A comment like that without technical backup would probably make most technical people tend to think "oook... if that comes from the engineer that designed the board, I should stay away from getting this"
Of course I don't want to bash, I "worship" the amiga cause more than most
--- Metamoderating abusive downgraders since my 300th post.

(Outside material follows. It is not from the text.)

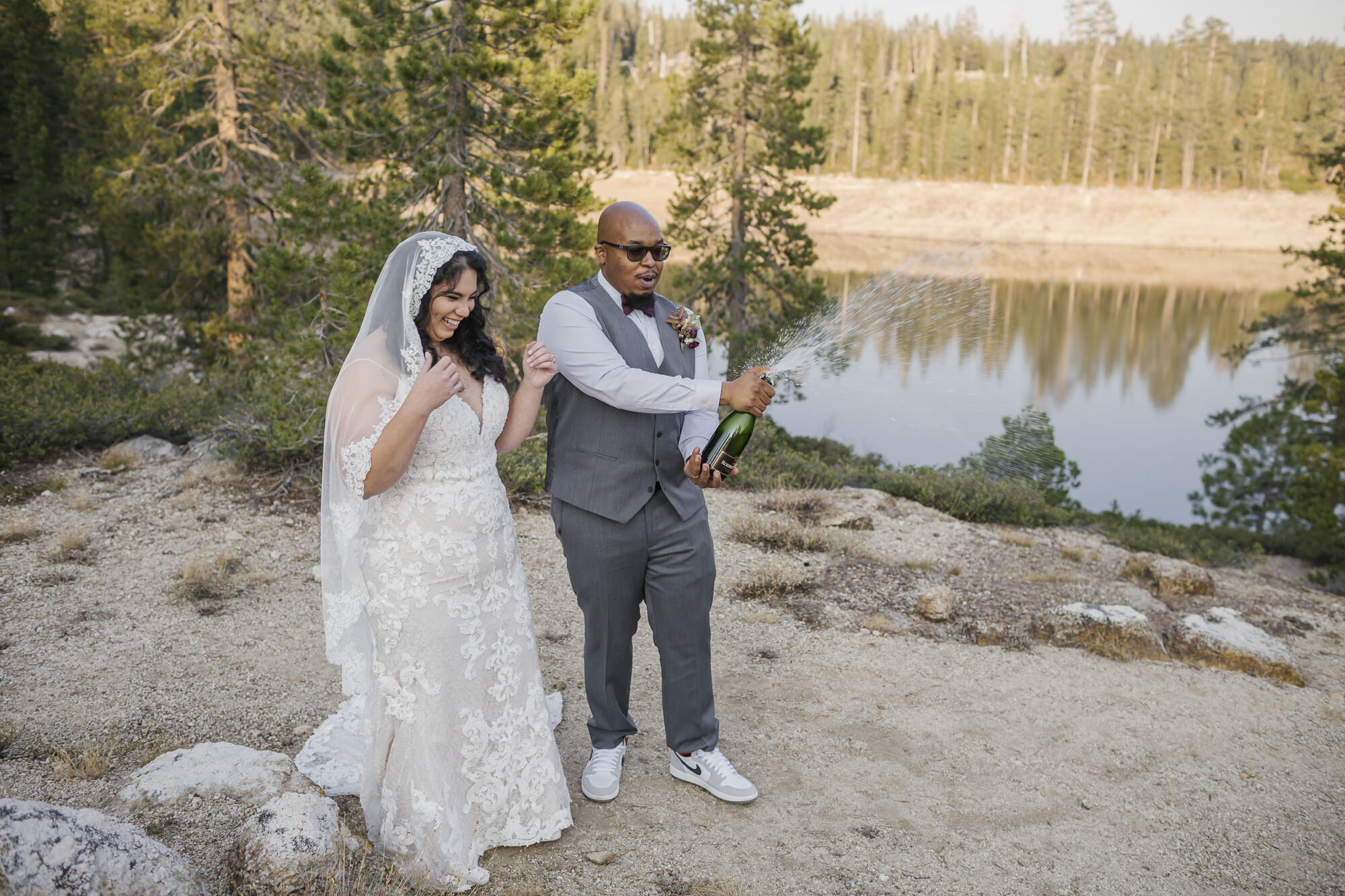 Wedding couple pop champagne in the Tahoe forest to celebrate their elopement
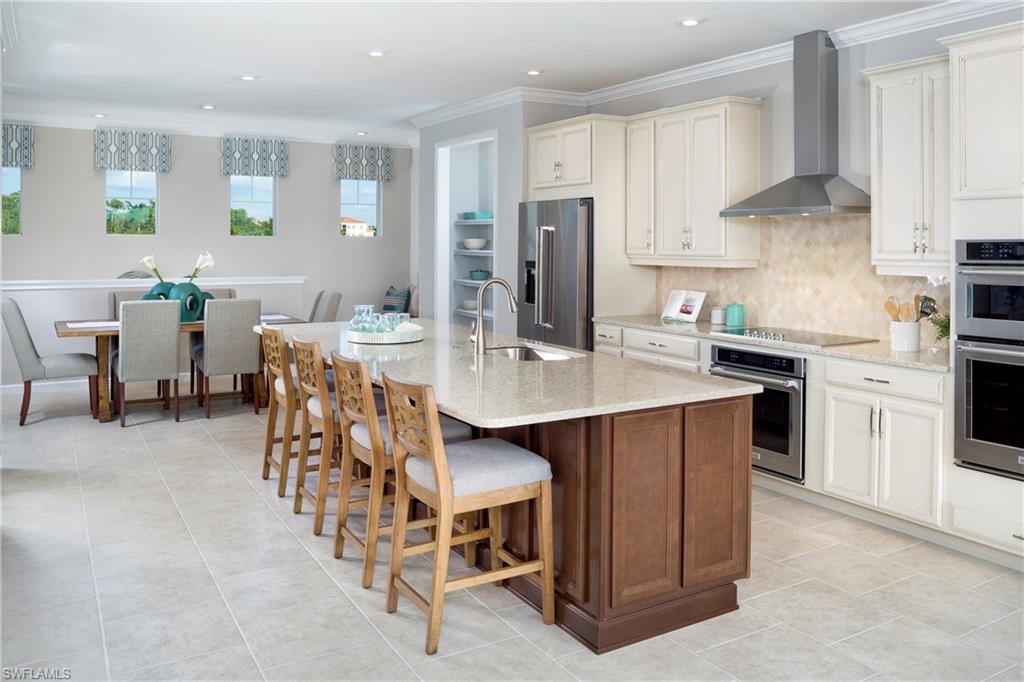 4677 Arboretum Circle, Unit 202 Naples, FL 34112 - Photo 6 of 15 a kitchen with stainless steel appliances a sink a stove a refrigerator cabinets and chairs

You are all (mostly) missing the point. The board is designed foremost to run AmigaOS4. Linux is supported only as an aide to development while OS4 is being finished. Why run Amiga OS? I don't know. :) I love it...it's a sweet, responsive operating system that I've used for over 10 years. It lacks some modern OS features but it is still viable and performs well. It has a small footprint.....I have one 880K disk with the OS, a TCP/IP stack and an IRC client on it that will run on a 1 meg Amiga 500 with motorola 68000 7mhz cpu. We crazy, fanatical amigans have been waiting for nearly a decade for a new amiga. Many thought it would never come. It may not be practical but it's an Amiga. :) Jay Miner was a genious.
I remember the name of the IBM platform now... PReP. In case anyone cares...
Seriously, this is a bit of a milestone. All the independant PPC boards have been around the $2,500 mark. The only way to get a cheaper one until now was to buy an Apple Mac and bin all the bits you don't want.